Chikondi Medson, a graduate student in Classics from Malawi, was not expecting to leave his undergraduate university in Rome to come study Classics in the Commonwealth last August. However, his path changed when he met two UK Classics professors at a conference promoting the use of Latin: Milena Minkova, Director of Graduate Studies in the Department of Modern and Classical Languages, Literatures and Cultures, and Terence Tunberg, Director of the Institute for Latin Studies, a Graduate Certificate Curriculum in which the Latin patrimony is being taught and researched in its continuity from ancient until modern times in the target language.
"Chikondi is an outstanding classical scholar with a very unique life path.

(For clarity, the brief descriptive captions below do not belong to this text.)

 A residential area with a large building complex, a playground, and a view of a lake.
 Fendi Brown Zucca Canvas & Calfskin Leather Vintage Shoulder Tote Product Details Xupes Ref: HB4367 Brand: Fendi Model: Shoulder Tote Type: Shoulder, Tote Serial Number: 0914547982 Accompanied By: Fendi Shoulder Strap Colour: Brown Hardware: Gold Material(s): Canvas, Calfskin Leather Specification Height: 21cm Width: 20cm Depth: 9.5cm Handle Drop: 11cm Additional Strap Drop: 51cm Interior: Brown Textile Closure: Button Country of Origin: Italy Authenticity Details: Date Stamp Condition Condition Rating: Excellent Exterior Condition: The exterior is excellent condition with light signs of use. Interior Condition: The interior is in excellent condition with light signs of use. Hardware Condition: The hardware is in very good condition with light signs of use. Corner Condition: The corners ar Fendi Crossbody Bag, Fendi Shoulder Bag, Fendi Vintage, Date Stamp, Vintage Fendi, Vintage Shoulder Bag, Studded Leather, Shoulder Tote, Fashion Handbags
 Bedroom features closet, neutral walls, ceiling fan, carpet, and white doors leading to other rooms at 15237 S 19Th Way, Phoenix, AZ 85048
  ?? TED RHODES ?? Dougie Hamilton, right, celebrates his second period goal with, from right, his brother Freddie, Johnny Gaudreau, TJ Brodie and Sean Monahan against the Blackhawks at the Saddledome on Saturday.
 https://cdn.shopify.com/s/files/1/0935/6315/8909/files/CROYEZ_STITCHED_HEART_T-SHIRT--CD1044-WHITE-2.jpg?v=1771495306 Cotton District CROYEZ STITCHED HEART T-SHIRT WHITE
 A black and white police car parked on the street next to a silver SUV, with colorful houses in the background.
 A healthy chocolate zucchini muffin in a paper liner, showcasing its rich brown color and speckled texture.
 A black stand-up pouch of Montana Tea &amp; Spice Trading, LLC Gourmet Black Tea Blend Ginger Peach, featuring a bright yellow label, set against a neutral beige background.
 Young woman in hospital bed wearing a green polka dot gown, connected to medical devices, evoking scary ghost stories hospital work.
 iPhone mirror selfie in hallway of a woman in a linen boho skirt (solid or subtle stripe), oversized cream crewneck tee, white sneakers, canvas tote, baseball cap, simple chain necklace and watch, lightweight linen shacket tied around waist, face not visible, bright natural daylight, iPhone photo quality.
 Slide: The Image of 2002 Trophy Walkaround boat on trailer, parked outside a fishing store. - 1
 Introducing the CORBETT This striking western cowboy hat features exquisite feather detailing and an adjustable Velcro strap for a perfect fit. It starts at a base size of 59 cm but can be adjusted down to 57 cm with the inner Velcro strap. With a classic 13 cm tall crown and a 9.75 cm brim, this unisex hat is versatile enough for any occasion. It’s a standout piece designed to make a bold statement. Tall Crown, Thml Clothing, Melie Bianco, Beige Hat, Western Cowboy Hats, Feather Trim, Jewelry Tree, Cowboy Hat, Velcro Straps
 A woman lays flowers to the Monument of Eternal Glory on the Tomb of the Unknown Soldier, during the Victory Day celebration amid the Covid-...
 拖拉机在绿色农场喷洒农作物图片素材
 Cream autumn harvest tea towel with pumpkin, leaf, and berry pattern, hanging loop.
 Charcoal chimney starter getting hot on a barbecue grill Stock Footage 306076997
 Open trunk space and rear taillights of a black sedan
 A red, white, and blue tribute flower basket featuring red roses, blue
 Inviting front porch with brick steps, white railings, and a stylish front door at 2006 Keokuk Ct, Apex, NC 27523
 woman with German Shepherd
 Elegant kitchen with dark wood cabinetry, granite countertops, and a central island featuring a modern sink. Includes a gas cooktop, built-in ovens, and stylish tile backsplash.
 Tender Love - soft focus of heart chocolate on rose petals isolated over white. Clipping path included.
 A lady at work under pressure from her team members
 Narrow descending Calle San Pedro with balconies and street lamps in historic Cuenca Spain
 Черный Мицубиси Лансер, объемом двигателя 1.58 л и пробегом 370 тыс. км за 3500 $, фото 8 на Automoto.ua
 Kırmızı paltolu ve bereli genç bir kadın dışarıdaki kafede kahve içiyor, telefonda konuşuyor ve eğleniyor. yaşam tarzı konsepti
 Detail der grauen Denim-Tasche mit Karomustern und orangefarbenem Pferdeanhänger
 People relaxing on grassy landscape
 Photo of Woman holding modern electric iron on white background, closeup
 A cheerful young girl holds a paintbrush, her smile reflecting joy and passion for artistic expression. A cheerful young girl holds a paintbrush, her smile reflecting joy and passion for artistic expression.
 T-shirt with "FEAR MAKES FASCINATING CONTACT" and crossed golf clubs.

His story should be known to more people as inspiration to our efforts for inclusion and internationalization," Minkova said.
Medson’s unique life path led him from his home in Southeast Africa to many places around the world. He began his college career in Rome, nearly 7,000 miles away from his home in Malawi, to study Classics at Università Pontificia Salesiana. During his time there, he met other students from all over the world who were studying Classics on scholarships and spoke Latin in an immersive environment.
“It was very immersive in Rome,” Medson said. “I was speaking Latin and nothing else for a year.”
His favorite experience while studying as an undergraduate was a group trip to Spain by ship. “We went to places singing Latin songs and promoted Classics,” Medson said. “It was during a wonderful time of year and we got to share the experience with so many different people, all while propagating Classics.”
Though Medson’s trip to Spain was his personal favorite experience during his time studying in Rome, the most happenstance occurrence was at the Academia Latinitati Fovendae conference, where Medson met Minkova and Tunberg.
“They told me about the program at UK and encouraged me to apply, especially for opportunities for funding. They really helped me a lot,” Medson said.
“When Dr. Tunberg and I met Chikondi in Rome, we were excited to hear him addressing us in fluent Latin and expressing interest in our program” Minkova recalled. “Latin is a global language, it does not belong to any particular place, time, culture, or discipline, and we strive to attract to our program students from different backgrounds who can bring in different perspectives.”
Medson’s introduction to Latin didn’t originate in Rome, however. He was first introduced to Classics in Malawi when he received a scholarship to go to Kamuzu Academy, a private boarding school founded by Malawi’s first president, Hastings Kamuzu Banda. Latin and Greek are compulsory in the academy and the teaching staff is mostly made up of teachers from Cambridge and Oxford.
Speaking of his teachers, Medson said, “I learned under them. During my time there, one of the teachers went back to England. He got in touch with his people and talked about me and my enthusiasm for Classics. The director of Accademia Vivarium Novum, Luigi Miragli, said I could go to Rome and study in an immersive environment.”
During his first academic year at Kamuzu Academy, Medson studied Latin. He immediately fell in love with Classics when he realized his talent for the language, as he was one of the top students in both Latin and Greek at the academy.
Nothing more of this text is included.